I have a scheduled task that generates around 50 transfers per day per user. This is an example transfer that is stored in a transfers collecting in MongoDB:

transfer = {
  _id: 'ObjectId("...")',
  transferScheduleId: 'ObjectId("...")',
  TargetA: 'ObjectId("...")',
  TargetB: 'ObjectId("...")',     <-- optional
  SourceA: 'SourceId("...")',
  SourceB: 'SourceId("...")',     <-- optional
  value: 1234.5678,               <-- can be variable or constant
  date: '1900-01-01'
}

I'm still learning NoSQL/MongoDB so I want to understand more about pros & cons of different ways of storing this data and I'm looking for feedback and ideas.

Goal & Setup: Since my app is meant to scale with more users, I want to efficiently store transfers to reduce cost. Transfers are generated in a web app and then stored in MongoDB. This data will be accessed regularly by a user and when a user logs on the array will be sent to a web app via a node.js API w/ mongoose.

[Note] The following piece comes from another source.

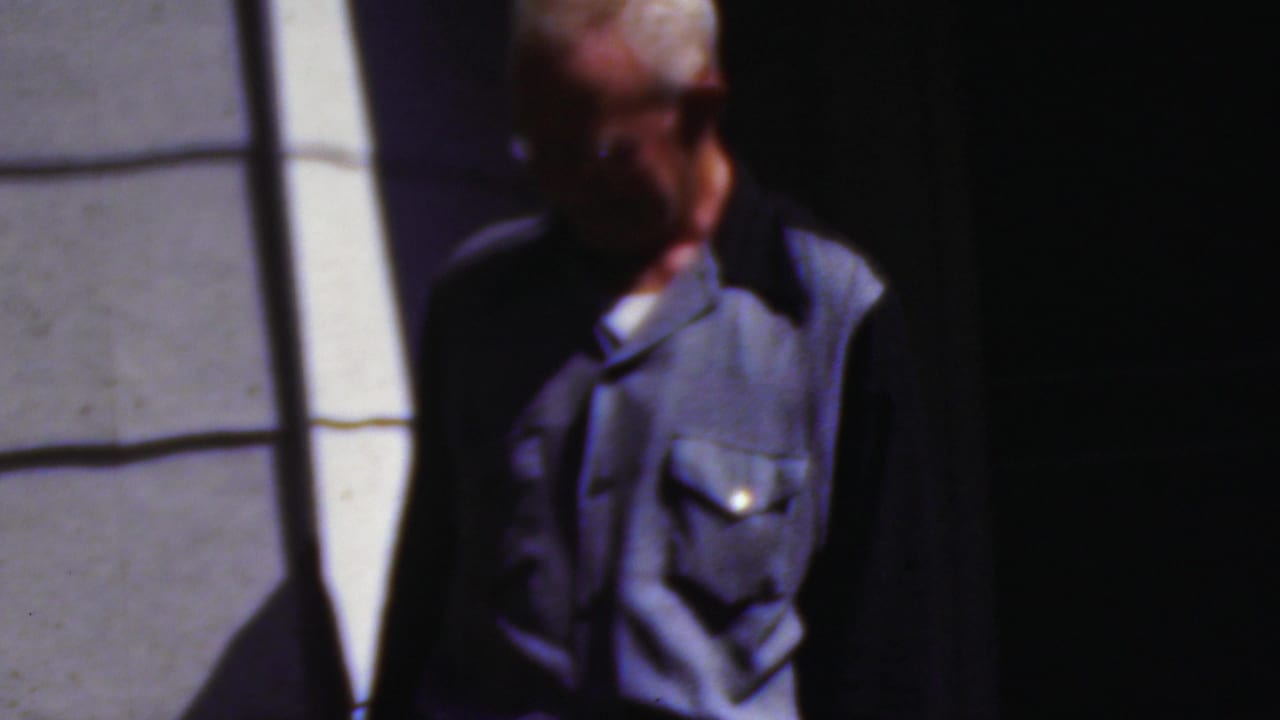 An older adult wearing a blue shirt or vest stands beside a dark doorway or entrance in the metadata-supported 1954 Wisconsin home-movie footage.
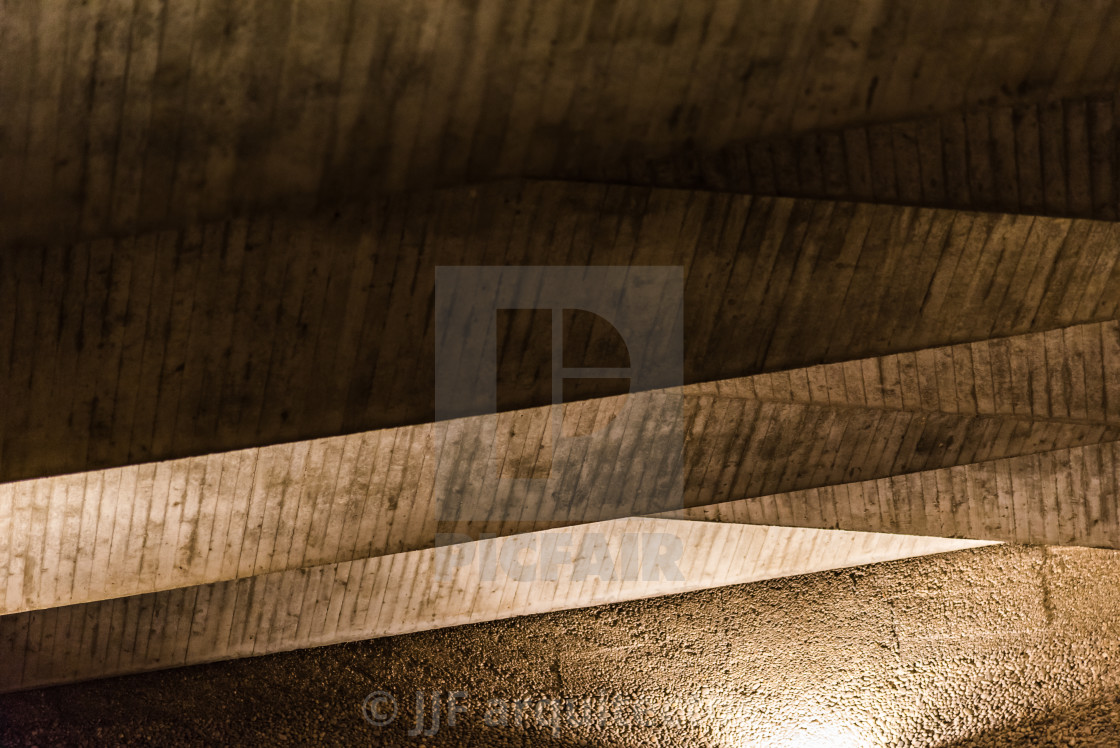 "Illuminated concrete ceiling. Old textured built structure" stock image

My Question is about storing each transfer and whether to use collections or embedded documents. Given the 16MB limit of a BSON document in MongoDB, I first concluded to store transfer documents in a collection.

Furthermore, a transferSchedule collection has the following properties and is used to configure a transfer:

transferSchedule = {
  _id: 'ObjectId("...")',
  userId: 'ObjectId("...")',
  endDate: '1900-01-01' <-- optional
  startDate: '1900-01-01' 
}

I would rather like embed transfers in a transferSchedule document because I'm assuming that it would be faster to fetch since a user will have up to 50 transferSchedules on his/her profile. I'm also assuming that I could compress the data in an emded document, but more about this in the next paragraph. Is my assumption right ? Is it faster to fetch 50 transferSchedule objects by userId where each has an embedded array of transfers ? Or is faster to fetch all transfers from a collection and find each by transferScheduleId?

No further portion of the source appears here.